● **Raw data**:
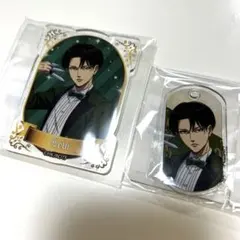 進撃の巨人 Eurekaくじ リヴァイ アクリルキーホルダー アクリルバッジ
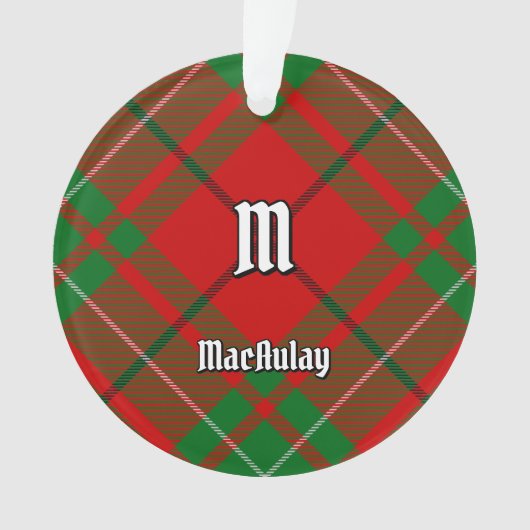 Clan MacAulay Tartan Ornament (voorkant)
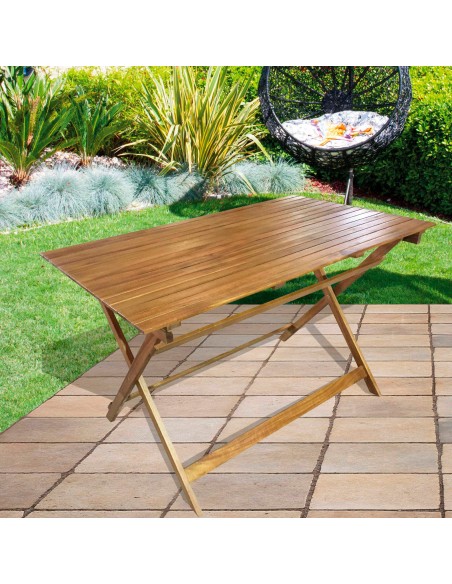 Mesa de jardim retangular para 6 pessoas | Móveis de jardim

● **What is expected**: An exact copy of the listing is required; return it without any pictures.

● **Result below**:
 進撃の巨人 Eurekaくじ リヴァイ アクリルキーホルダー アクリルバッジ
 Clan MacAulay Tartan Ornament (voorkant)
 Mesa de jardim retangular para 6 pessoas | Móveis de jardim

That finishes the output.